··· Exercise data

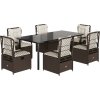7dílný zahradní jídelní set s poduškami polyratan [3263039] (Barva Světle šedá)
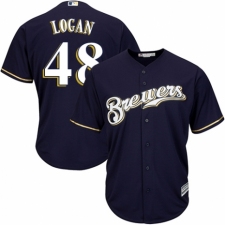 Youth Majestic Milwaukee Brewers #48 Boone Logan Authentic White Alternate Cool Base MLB Jersey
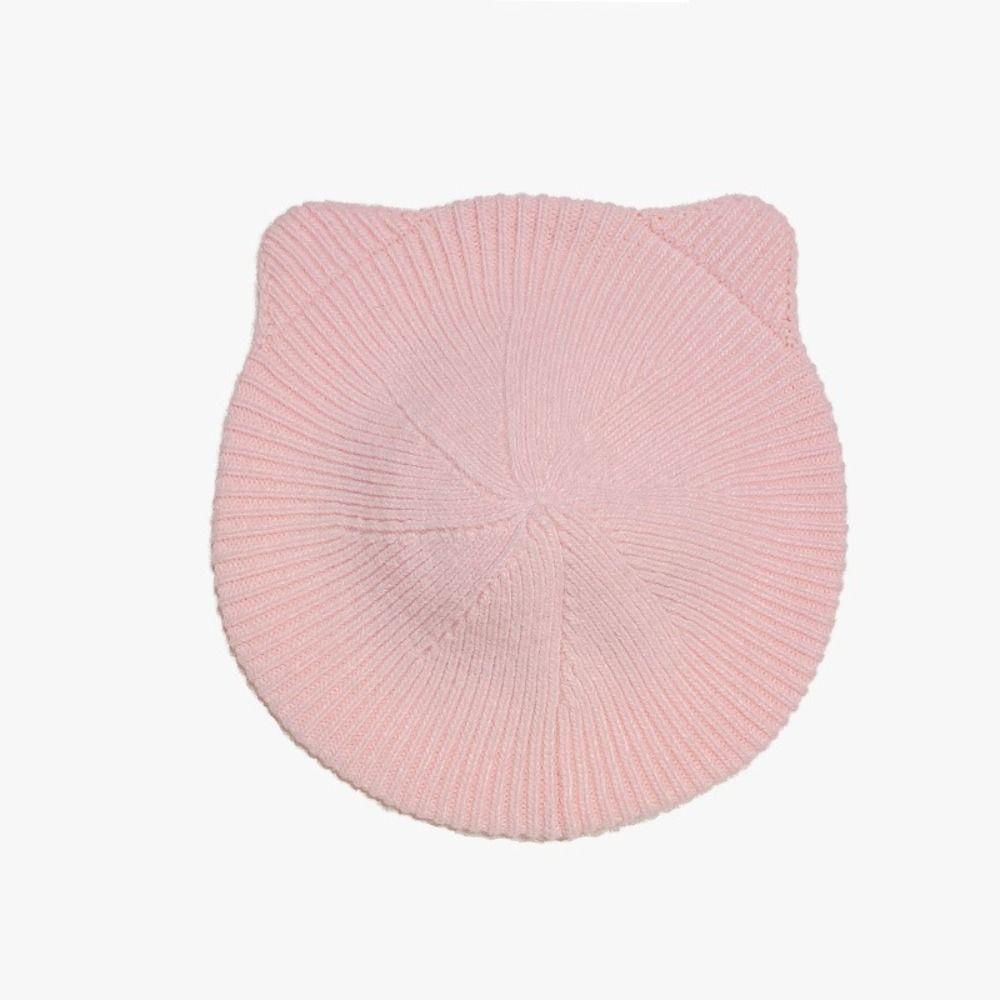 New Cat Ears Beanie Cap Solid Color Warm Beret Hat Knitted Crochet Bonnet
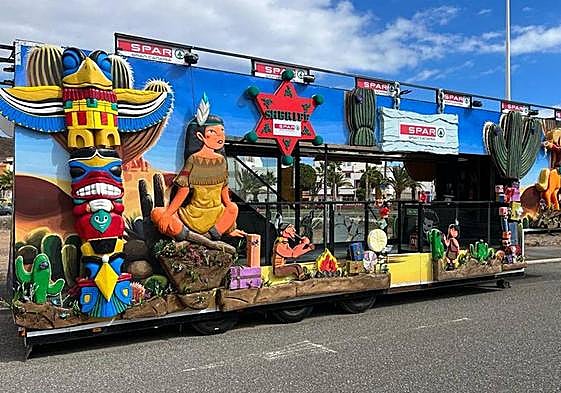 La carroza de SPAR Gran Canaria ya se encuentra preparada para la cabalgata.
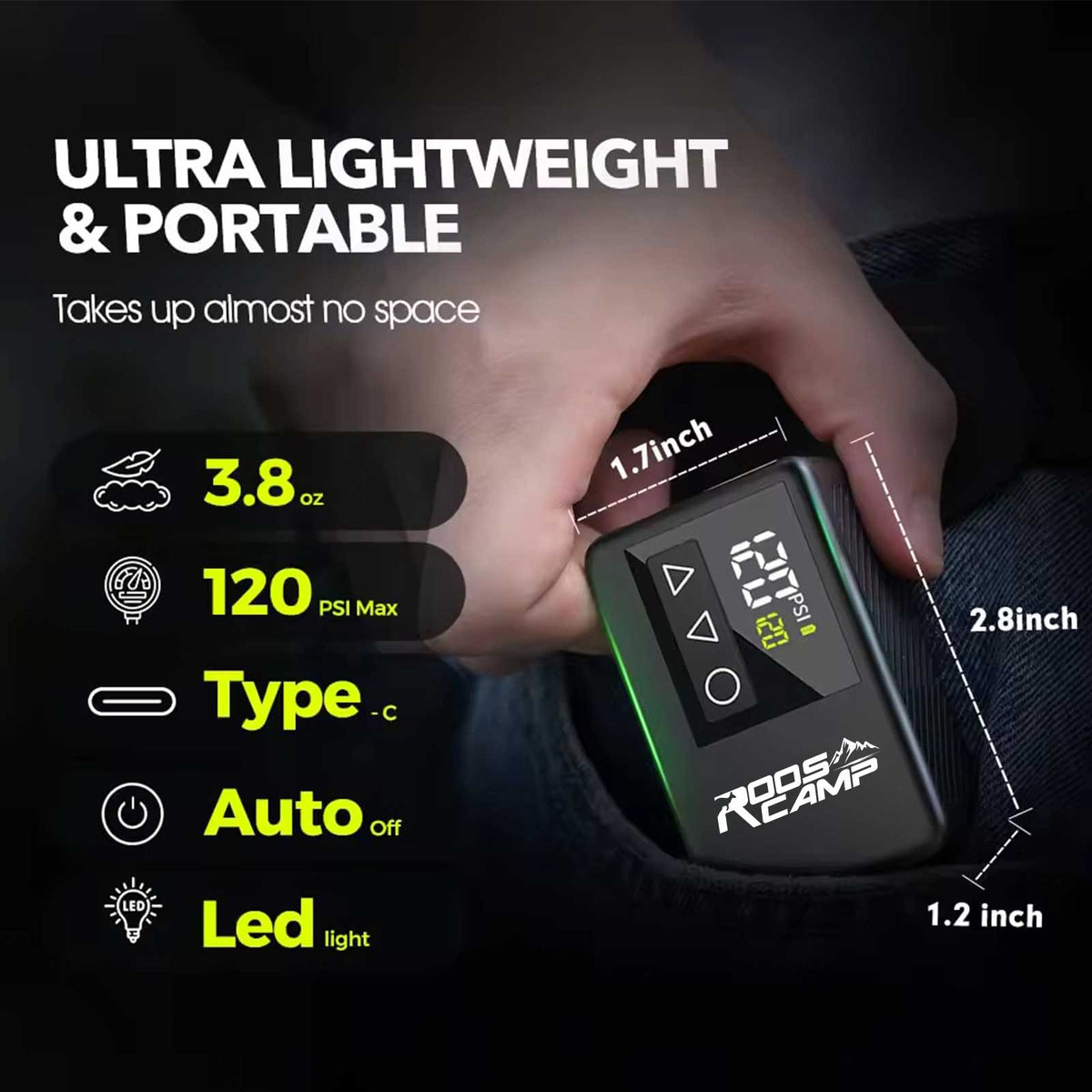 RoosCamp Air Master LT Bike Pump dimensions 2.8 x 1.7 x 1.2 inches, weight 3.8oz, 120 PSI max, USB-C charging, auto shut-off and LED light specifications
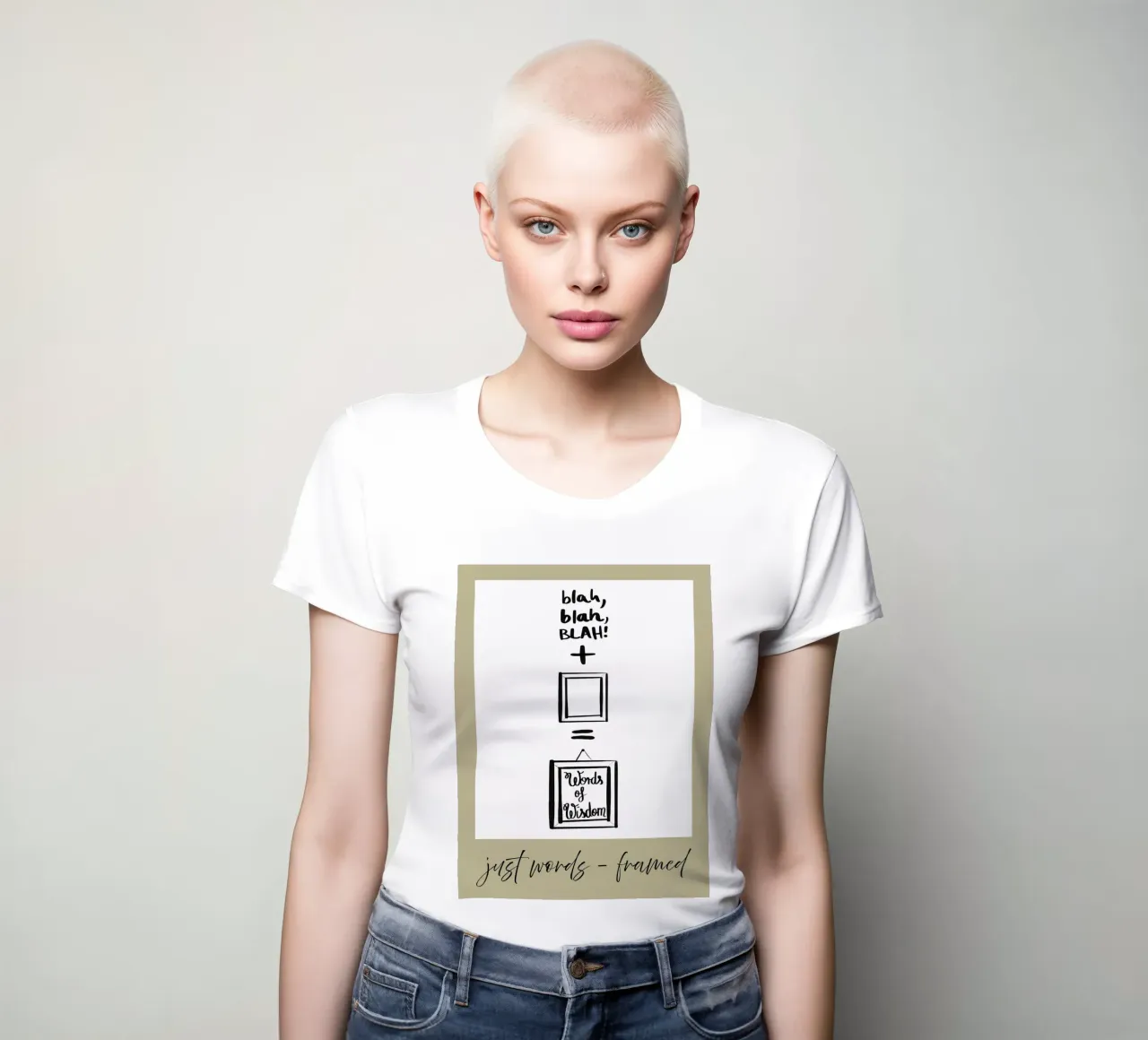 just words - framed 2 women's fitted t-shirt by words-in-frames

······

Each line from the one with "RoosCamp Air Master" to the final line of the data above is to be printed exactly; no picture should appear in the copy.

**Task result**
 RoosCamp Air Master LT Bike Pump dimensions 2.8 x 1.7 x 1.2 inches, weight 3.8oz, 120 PSI max, USB-C charging, auto shut-off and LED light specifications
 just words - framed 2 women's fitted t-shirt by words-in-frames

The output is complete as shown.